Embodiments of the present disclosure provide a new scheme of adjustment of CWS for sidelink communication in an unlicensed band. In this scheme, occurrence of a failure of transmission in an unlicensed band is determined. Then, a cause of the failure of the transmission is determined based on received information associated with the transmission collision. For example, received information associated with the transmission collision may comprises an indication for occurrence of an intra-system transmission collision of a previous transmission in the unlicensed band, a plurality of indications for a plurality of potential intra-system transmission collisions in the unlicensed band, one or more indications of non-preferred resources associated with the transmissions in the unlicensed band, and/or an indication for occurrence of an inter-system transmission collision of a previous transmission in the unlicensed band. Further, a size of a contention window for a listen-before-talk procedure is adjusted based on the cause of the failure of the transmission. For example, the size of contention window may be maintained or decreased if the failure of the transmission is caused by an intra-system transmission collision in the unlicensed band. The size of contention window may be increased if the failure of the transmission is caused by an inter-system transmission collision in the unlicensed band.

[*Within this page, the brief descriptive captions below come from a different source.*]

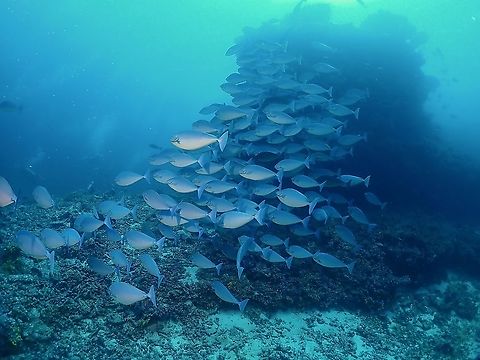 Unicorn without Horn Brown to bluish grey gradating to yellowish lower side (can quickly change to pale blue); black margin on gill cover. Fish,Maldives,Naso hexacanthus,Sleek Unicornfish,Unicornfish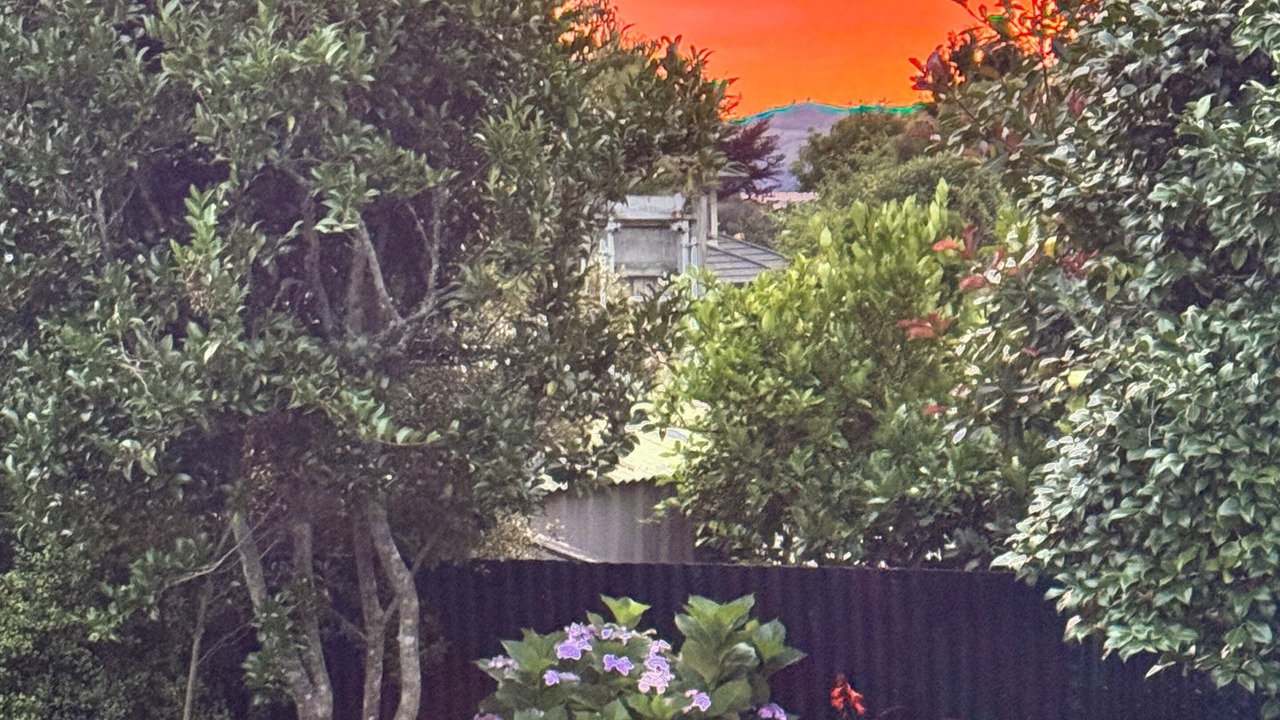 Photo of Outdoor in Taupo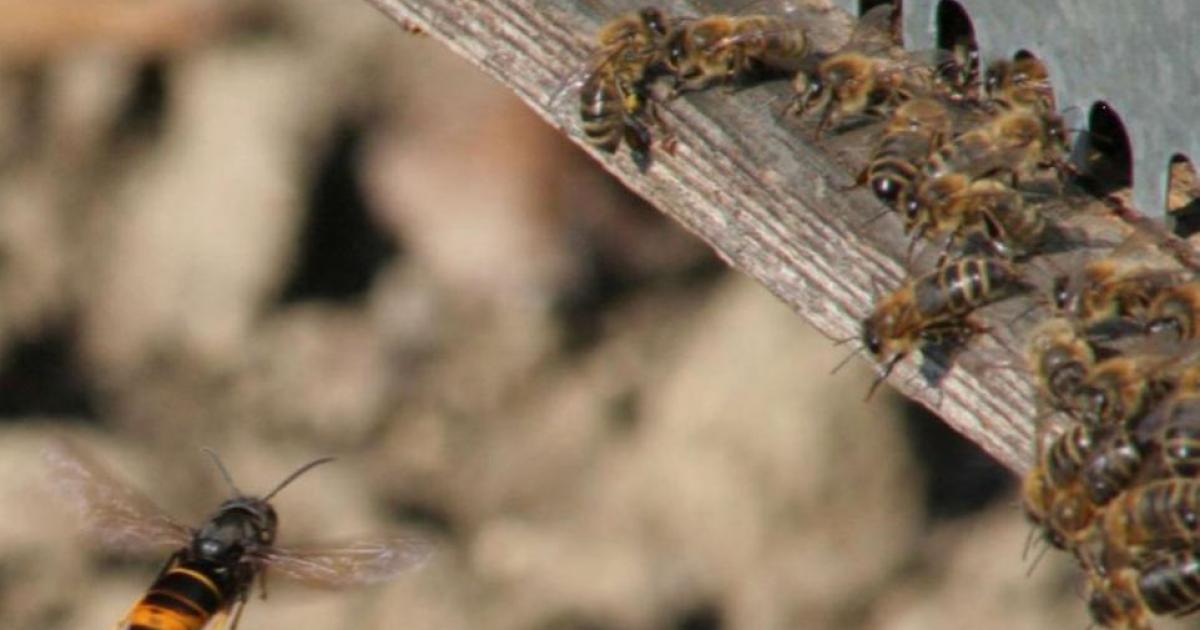 Brits issued Asian Hornets warning - How to keep home safe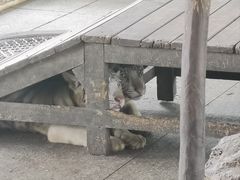 -秦皇岛野生动物园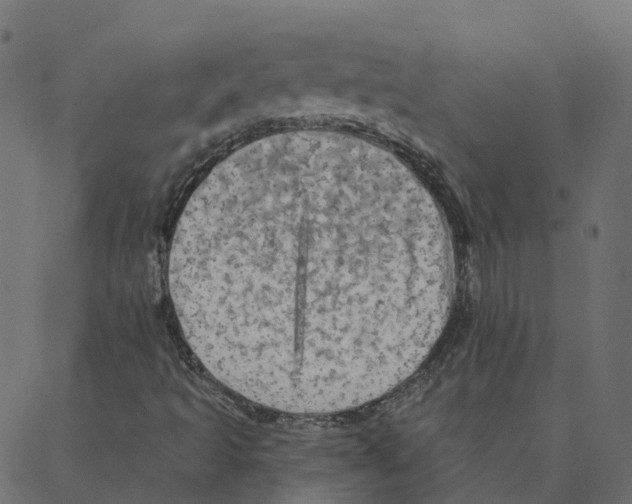 X0000087381493200705181229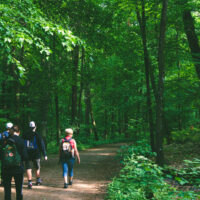 Zielona szkoła na Roztoczu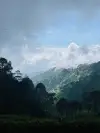 loop image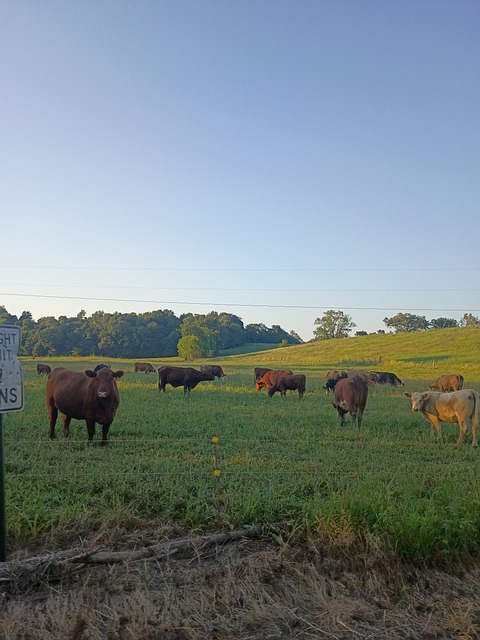 Nutztiere, Kühe, Feld, Ländlich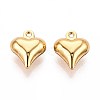 304 Stainless Steel Charms STAS-N118-12G-1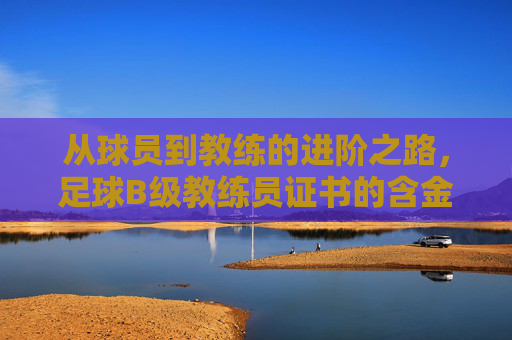 从球员到教练的进阶之路,足球B级教练员证书的含金量与实战价值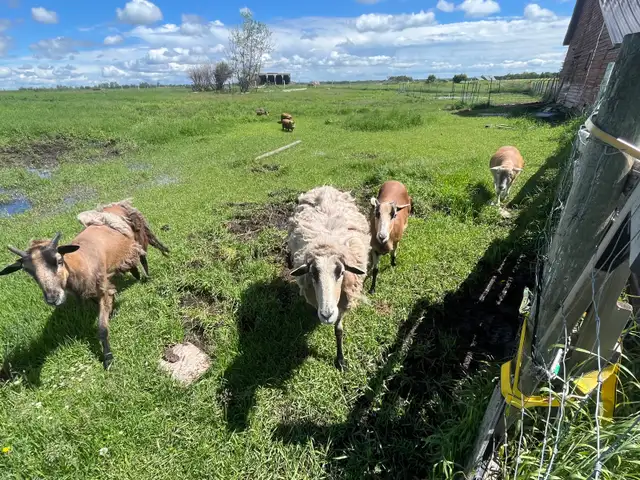 Sheep for Sale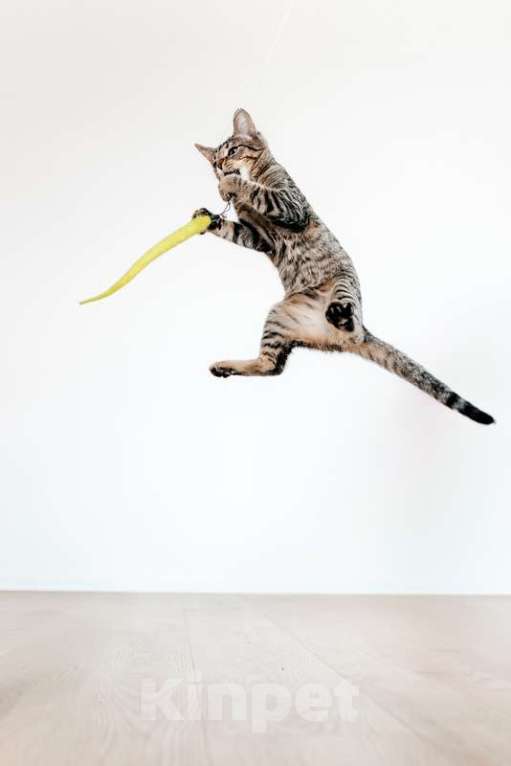 Кошки в Москве: Ручной шпротный котенок Пчёлка ищет дом Девочка, 1 руб. - фото 6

This scheme may achieve accurate determination of the cause of the failure of the transmission to facilitate a right decision of CWS adjustment. Thus, communication quality and transmission efficiency may be improved, and resource overhead may be saved.

FIG. 2 shows an example environment 200 in which example embodiments of the present disclosure can be implemented.

The environment 200, which may be a part of a communication network, comprises devices 210, 220 and 230 in a system 240. As an example, the device 210 may communicate with the devices 220 and 230 or with other devices via the devices 220 and 230.

The devices 210, 220 and 230 may be implemented by any suitable devices in the communication network. In some example embodiments, some of the devices 210, 220 and 230 may be implemented by one or more terminal device and the others may be implemented by one or more network devices, or vice versa. In some other example embodiments, the devices 210, 220 and 230 may be all implemented by terminal devices or network devices.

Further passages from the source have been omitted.